As beautiful and puzzling as the sphinx itself, “The Riddle of the Sphinx” is a divisive episode that may split the audience, but will leave people talking about it. Featuring the return of a fan-favorite character while omitting a few mainstays, some threads are connected while the whole cloth is pulled in different directions.  SPOILERS follow, so tread no further if you are not yet prepared.  If you need a refresher on what happened last week, point your browser here.

“If you aim to cheat the Devil, you owe him an offering.”
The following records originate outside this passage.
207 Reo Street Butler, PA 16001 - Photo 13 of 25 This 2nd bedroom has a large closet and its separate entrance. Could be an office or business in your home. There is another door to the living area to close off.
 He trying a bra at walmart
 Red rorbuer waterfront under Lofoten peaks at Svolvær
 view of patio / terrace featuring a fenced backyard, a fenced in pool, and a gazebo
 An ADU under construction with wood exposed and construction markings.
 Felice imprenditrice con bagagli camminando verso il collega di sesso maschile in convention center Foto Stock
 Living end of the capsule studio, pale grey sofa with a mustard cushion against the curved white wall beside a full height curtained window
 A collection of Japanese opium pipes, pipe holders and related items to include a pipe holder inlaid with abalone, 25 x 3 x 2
Peter Mullan as James Delos in Westworld

The Rolling Stones song “Play with Fire” opens the episode, but instead we’re asked if we can find sympathy for the devil as we pan around (and around) a stylish, circular little living space that turns out to be the apartment/cell of James Delos (magnificently played by Peter Mullan).  Delos finds out that he has died, and his consciousness is now in a host (“If you can’t tell, does it matter?”).  It turns out the reason William was able to convince Delos to back Westworld financially was so that he could try to achieve immortality.  Delos wanted to be able to “live on” as a host.  There’s a problem, though.  His mind, unable to accept reality, can’t effectively bond with his new body, and quickly deteriorates.  Each new version of the host is destroyed (along, for some reason, with everything else in the apartment).  After years and 149 attempts, William tells Delos that the process won’t work (never mind that the monitoring tech later says Delos was stable until William walked in) and that he thinks it’s meant to be.  Man, or at least some men, aren’t meant to live forever.  He tells Delos that his wife, son, and daughter are all dead, then leaves him to rot in his glass cell.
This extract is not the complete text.